Tout est écrit, tout est à disposition, tout est enregistré. C’est ce que l’on appelle de la transparence et cela inspire confiance au parieur. Qu’on le regrette ou non, nous sommes dans une ère d’ultra-communication et tout ce qui se fait dans l’ombre est suspect. Certains jeunes entraîneurs l’ont compris et publient régulièrement, sur les réseaux sociaux par exemple, des photos et des vidéos de l’entraînement, qui permettent de mieux comprendre leur métier. Le pari hippique est souvent marketé ainsi : parier sur un cheval, c’est en être propriétaire le temps d’une course. Et un propriétaire a le droit de savoir ce qu’a fait son cheval avant une course.

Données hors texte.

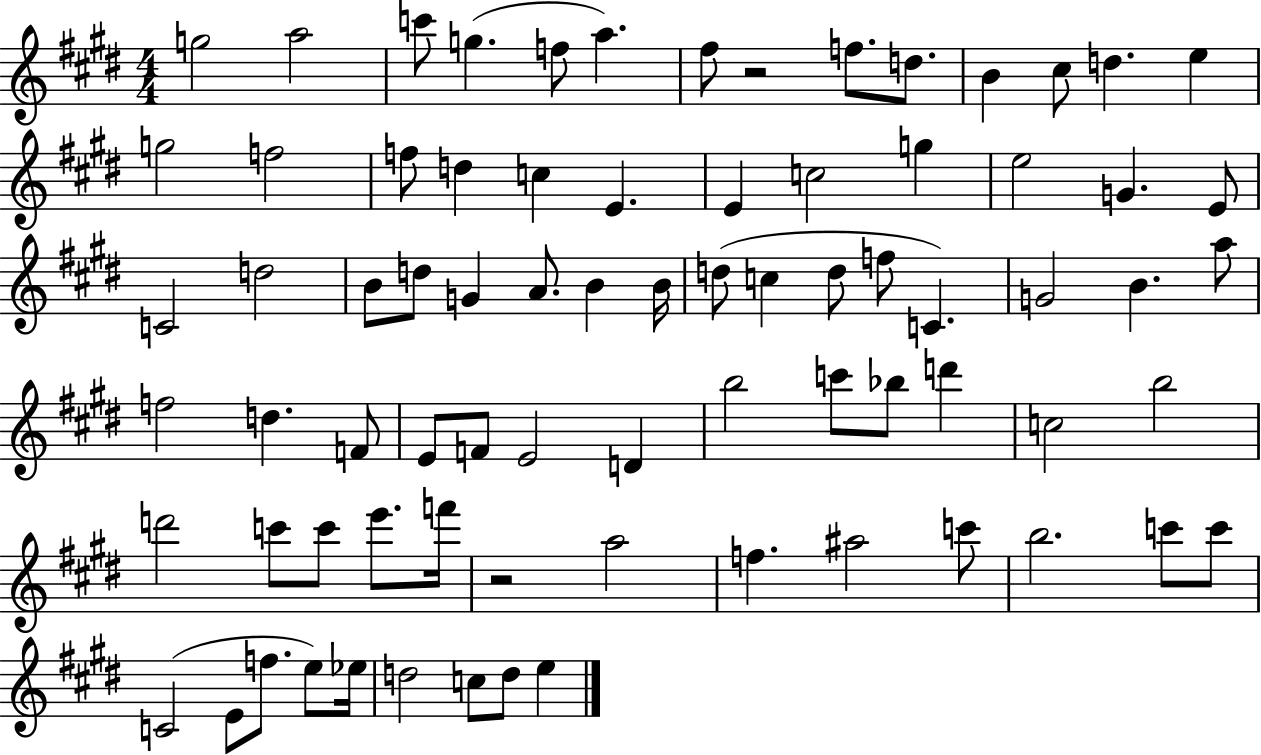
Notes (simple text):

G5/h A5/h C6/e G5/q. F5/e A5/q. F#5/e R/h F5/e. D5/e. B4/q C#5/e D5/q. E5/q G5/h F5/h F5/e D5/q C5/q E4/q. E4/q C5/h G5/q E5/h G4/q. E4/e C4/h D5/h B4/e D5/e G4/q A4/e. B4/q B4/s D5/e C5/q D5/e F5/e C4/q. G4/h B4/q. A5/e F5/h D5/q. F4/e E4/e F4/e E4/h D4/q B5/h C6/e Bb5/e D6/q C5/h B5/h D6/h C6/e C6/e E6/e. F6/s R/h A5/h F5/q. A#5/h C6/e B5/h. C6/e C6/e C4/h E4/e F5/e. E5/e Eb5/s D5/h C5/e D5/e E5/q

Les jeunes, les femmes, les enfants… Lorsqu’on se promène dans Tokyo, on constate le marketing mis en place par la JRA pour attirer un nouveau public. Même si les courses sont en très bonne santé au Japon, la JRA a constaté que les parieurs vieillissaient et qu’il fallait attirer un nouveau public. Ce sont les campagnes publicitaires Hot Holidays, présentes dans différents endroits clés de Tokyo et à destination des étudiants. L’accent n’est pas mis sur le pari, mais sur la promesse de vivre une belle journée aux courses. C’est la marque Umajo, ultra kawaii et destinée, à grands coups de rose et d’objets trop mignons, à séduire les jeunes femmes, un public peu habitué des champs de courses. Ce sont des associations de la JRA avec des jeux vidéo ou des dessins animés, pour séduire les jeunes. C’est le Turfy Shop, où l’on trouve de tout pour promouvoir chevaux aussi bien que jockeys stars.

L’article iconique du Turfy Shop, ce sont bien sûr les peluches des chevaux stars du Japon. Les enfants comme les grands les adorent. L’emballage est parfait. Cela paraît anodin mais, lorsque vous achetez une peluche au Turfy Shop, elle est accompagnée de son étiquette avec le dessin de la casaque du cheval et même son cadre pedigree. Ce n’est rien, mais c’est aussi comme cela que l’on insuffle une culture hippique.